BEGIN

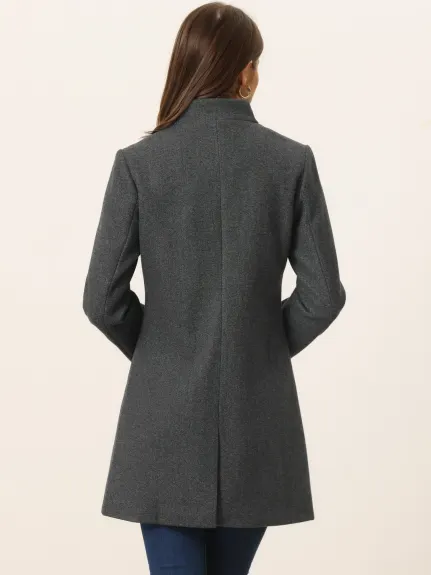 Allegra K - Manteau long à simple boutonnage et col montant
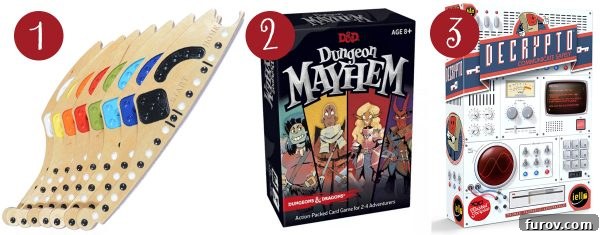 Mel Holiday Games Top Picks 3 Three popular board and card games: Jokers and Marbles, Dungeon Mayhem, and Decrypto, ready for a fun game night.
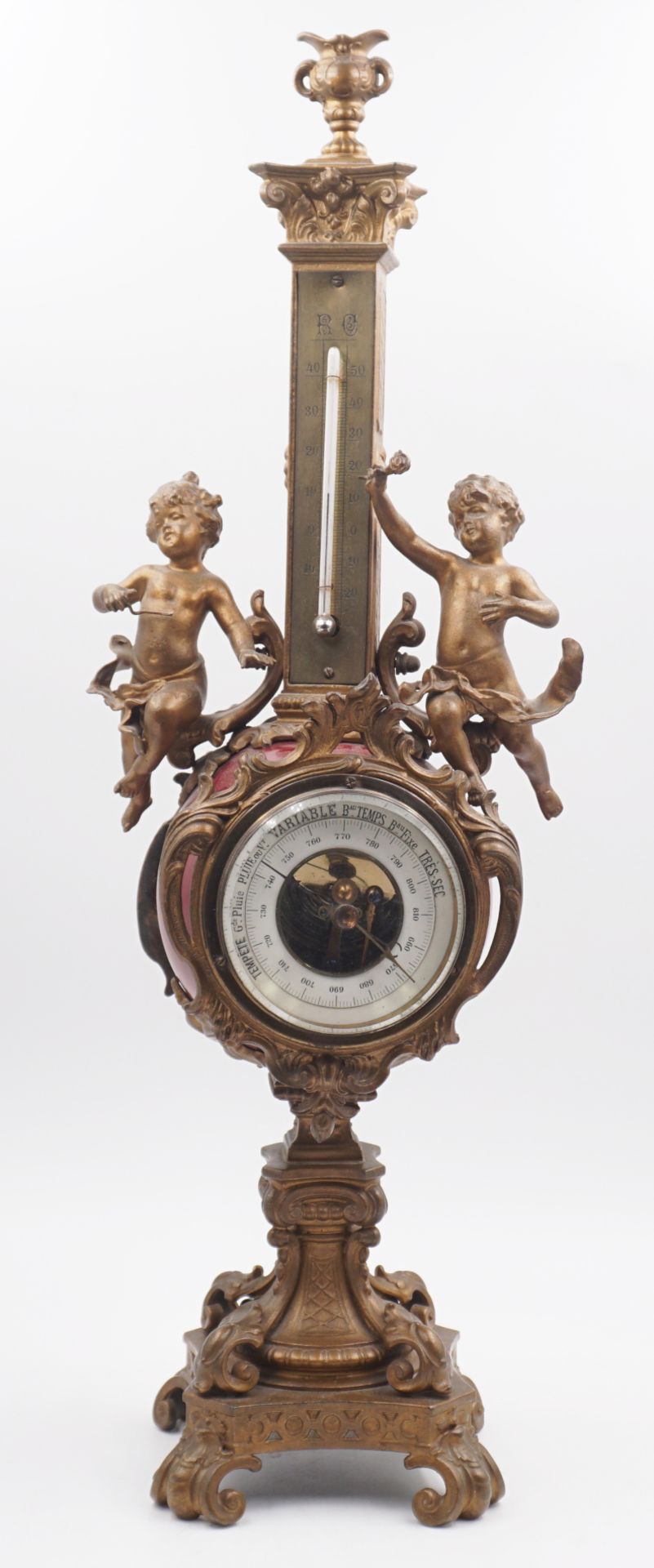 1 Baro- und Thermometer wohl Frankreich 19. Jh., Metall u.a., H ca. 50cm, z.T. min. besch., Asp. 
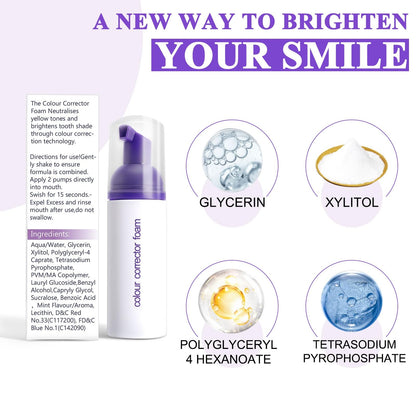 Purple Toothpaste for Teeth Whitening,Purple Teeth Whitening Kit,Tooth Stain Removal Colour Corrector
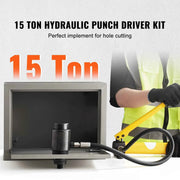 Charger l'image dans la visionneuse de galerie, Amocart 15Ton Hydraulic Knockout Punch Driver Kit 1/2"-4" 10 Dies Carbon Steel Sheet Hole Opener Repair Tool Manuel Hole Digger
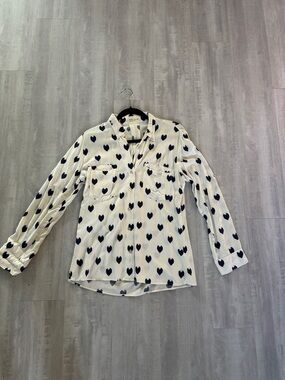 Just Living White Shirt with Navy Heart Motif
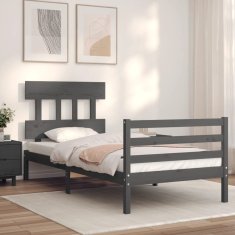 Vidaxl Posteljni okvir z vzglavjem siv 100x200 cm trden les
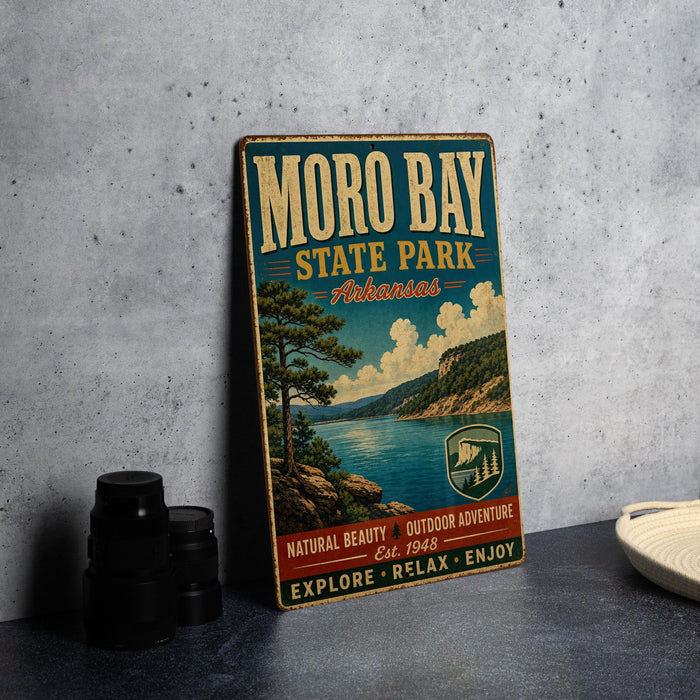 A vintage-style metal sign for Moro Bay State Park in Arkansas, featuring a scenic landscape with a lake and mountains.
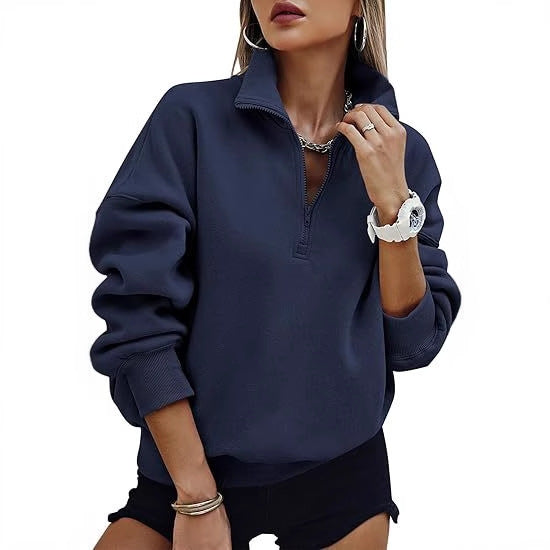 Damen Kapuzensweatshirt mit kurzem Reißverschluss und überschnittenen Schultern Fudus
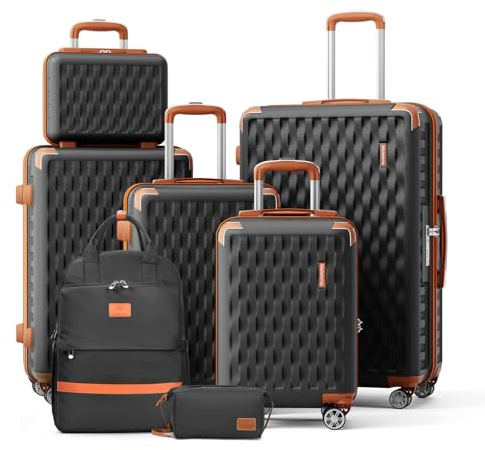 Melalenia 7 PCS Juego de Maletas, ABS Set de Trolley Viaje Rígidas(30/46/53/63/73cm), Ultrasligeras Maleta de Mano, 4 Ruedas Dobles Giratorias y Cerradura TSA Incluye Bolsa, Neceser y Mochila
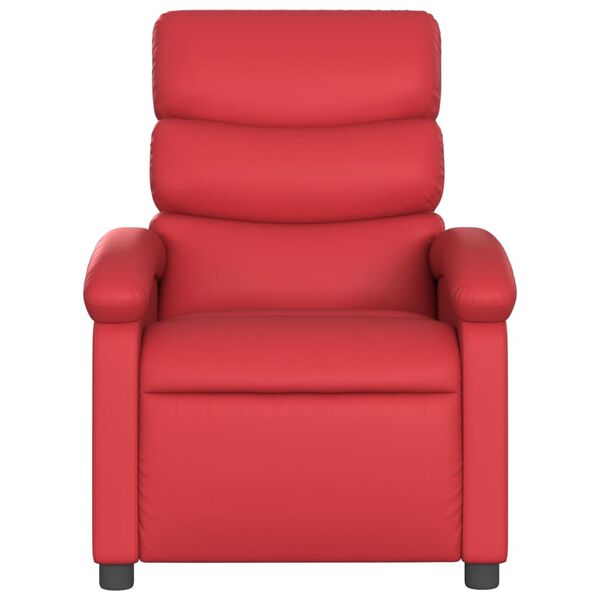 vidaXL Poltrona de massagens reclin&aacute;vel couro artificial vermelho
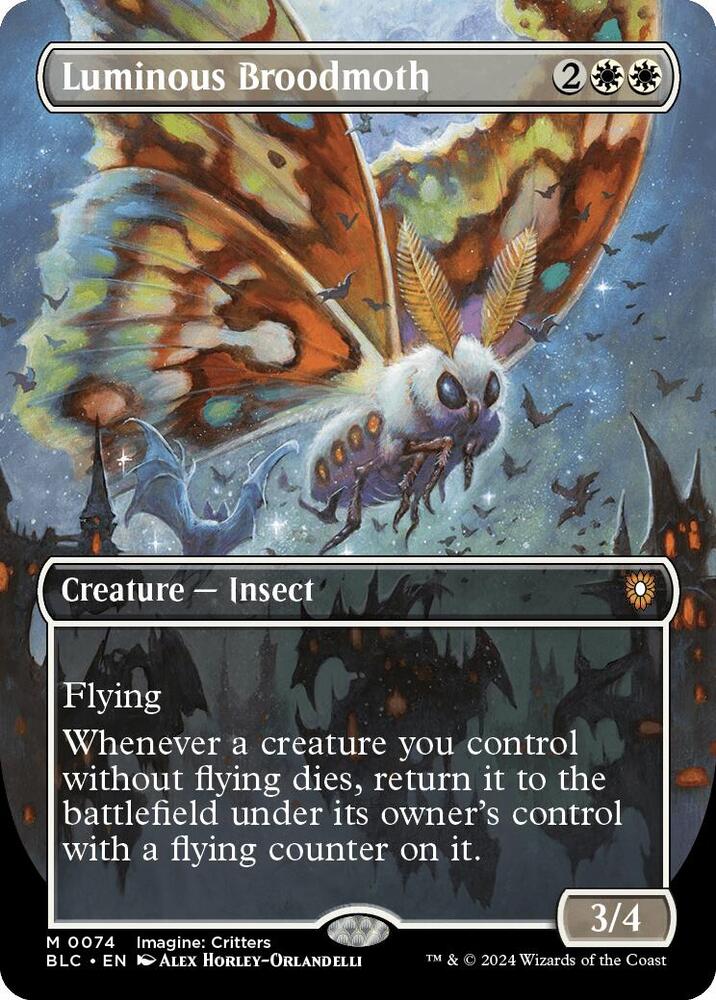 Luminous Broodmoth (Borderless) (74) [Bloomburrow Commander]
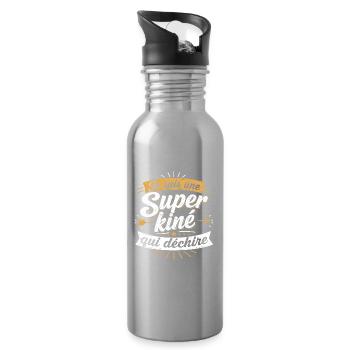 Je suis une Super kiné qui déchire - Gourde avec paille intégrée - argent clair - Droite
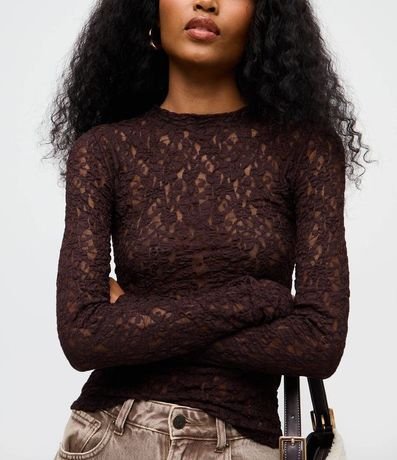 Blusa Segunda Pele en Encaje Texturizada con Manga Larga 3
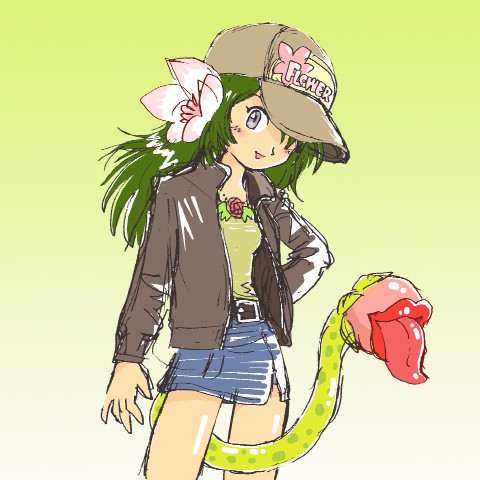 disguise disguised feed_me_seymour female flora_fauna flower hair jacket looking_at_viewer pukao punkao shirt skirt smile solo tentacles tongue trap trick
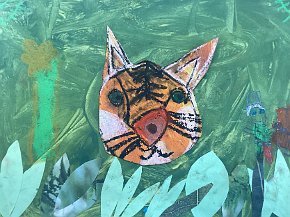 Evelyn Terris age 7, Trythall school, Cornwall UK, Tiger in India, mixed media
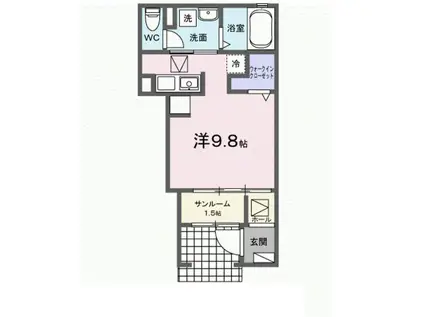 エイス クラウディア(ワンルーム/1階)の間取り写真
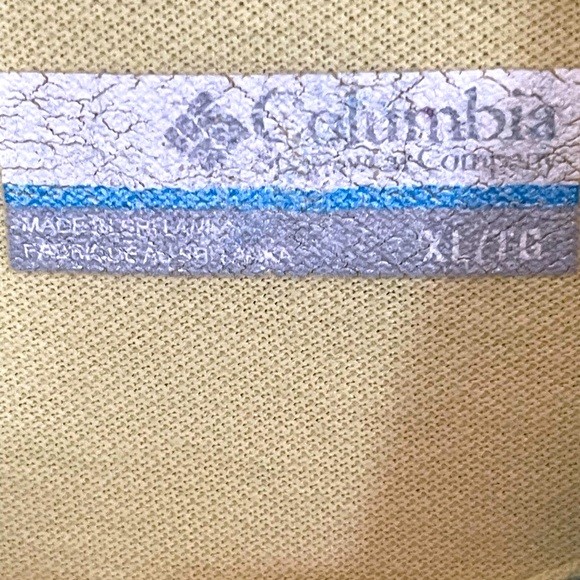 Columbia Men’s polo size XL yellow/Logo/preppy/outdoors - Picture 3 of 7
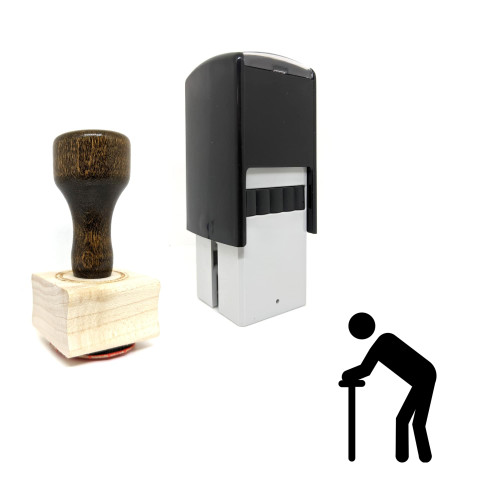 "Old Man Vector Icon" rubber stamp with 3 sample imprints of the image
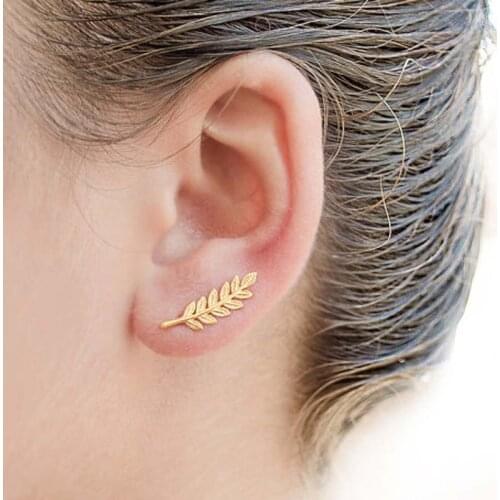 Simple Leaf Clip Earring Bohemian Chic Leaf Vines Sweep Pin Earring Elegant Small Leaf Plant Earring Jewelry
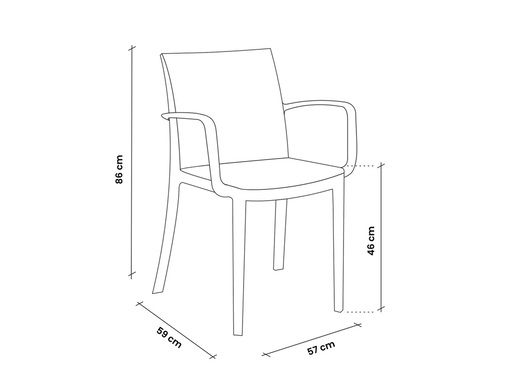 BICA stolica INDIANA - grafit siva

END

**DIRECTIONS FOR THIS TASK**
Set the pictures aside and transcribe exactly the stretch of lines above, beginning with the one holding "Charger l'image dans" and ending with the one holding "disguise disguised feed_me_seymour".

**RESPONSE FOR THIS EXERCISE**
 Charger l'image dans la visionneuse de galerie, Amocart 15Ton Hydraulic Knockout Punch Driver Kit 1/2"-4" 10 Dies Carbon Steel Sheet Hole Opener Repair Tool Manuel Hole Digger
 Just Living White Shirt with Navy Heart Motif
 Vidaxl Posteljni okvir z vzglavjem siv 100x200 cm trden les
 A vintage-style metal sign for Moro Bay State Park in Arkansas, featuring a scenic landscape with a lake and mountains.
 Damen Kapuzensweatshirt mit kurzem Reißverschluss und überschnittenen Schultern Fudus
 Melalenia 7 PCS Juego de Maletas, ABS Set de Trolley Viaje Rígidas(30/46/53/63/73cm), Ultrasligeras Maleta de Mano, 4 Ruedas Dobles Giratorias y Cerradura TSA Incluye Bolsa, Neceser y Mochila
 vidaXL Poltrona de massagens reclin&aacute;vel couro artificial vermelho
 Luminous Broodmoth (Borderless) (74) [Bloomburrow Commander]
 Je suis une Super kiné qui déchire - Gourde avec paille intégrée - argent clair - Droite
 Blusa Segunda Pele en Encaje Texturizada con Manga Larga 3
 disguise disguised feed_me_seymour female flora_fauna flower hair jacket looking_at_viewer pukao punkao shirt skirt smile solo tentacles tongue trap trick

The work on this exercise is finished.